Il se demande s’il retrouvera son emploi à l’usine de Saint-Théophile d’Industries Maibec, un fabricant de bardeaux de cèdre dans le secteur résidentiel.

«La compagnie exporte environ 90 % de ses produits aux États-Unis, mais avec le ralentissement dans la construction domiciliaire, les ventes sont moins bonnes, et nous, on perd nos jobs», déplore-t-il.

Industries Maibec, ajoute-t-il, a fermé trois «moulins de sciage» à Saint-Pamphile (dans Bellechasse) et envoyé au chômage près de 150 travailleurs.

«Les gars qui travaillent dans les usines ne savent plus quel avenir on leur réserve. Même ceux qui ont beaucoup d’ancienneté sont angoissés», constate Richard Landry, président du syndicat (Métallos-FTQ) à l’usine de Saint-Théophile.

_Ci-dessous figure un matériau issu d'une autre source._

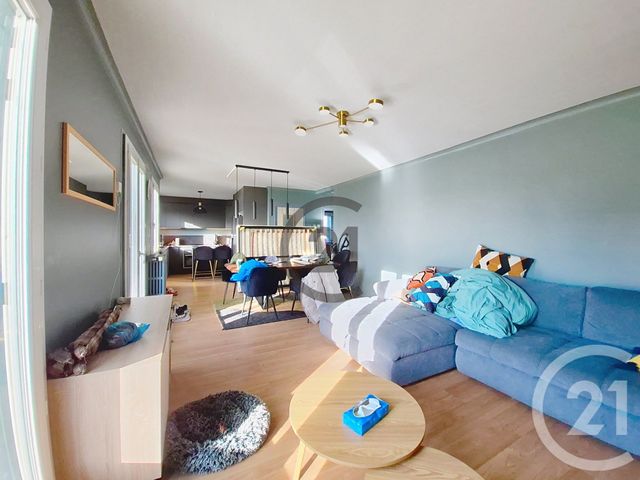 Maison &agrave; vendre - 5 pi&egrave;ces - 107,25 m2 - Auxerre - 89 - BOURGOGNE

Il s’inquiète également pour sa conjointe, à l’emploi de Confections de Beauce, à Saint-Côme. «On ne sait jamais si le marché des jeans va tomber…», dit-il.

Les vélos aussi… (s.t.)

Richard Landry n’en est pas à sa première épreuve. Il y a trois ans, il a perdu son emploi chez Procycle, le fabricant de vélos de Saint-Georges.

«Cette fois, la compagnie a été victime du dumping au Canada des vélos de bas de gamme», analyse-t-il.

Il a travaillé pendant 11 ans chez Procycle. «On a déjà été plus de 400 à l’usine. Là, ils ne sont plus que 65, et encore là, la majorité ne travaille pas toute l’année», dit-il.

À l’usine Maibec, il alimentait les scieurs de bûches pour un salaire horaire de 15,68 $. Un travail exigeant, physiquement, mais qu’il disait aimer.

Il s’est blessé à l’épaule deux mois avant les mises à pied à l’usine. «Je suis sur la CSST avec un revenu hebdomadaire de 260 $. Non seulement je suis sans travail, mais je dois aussi guérir mon épaule. Ça pourrait aller mieux…», soupire-t-il.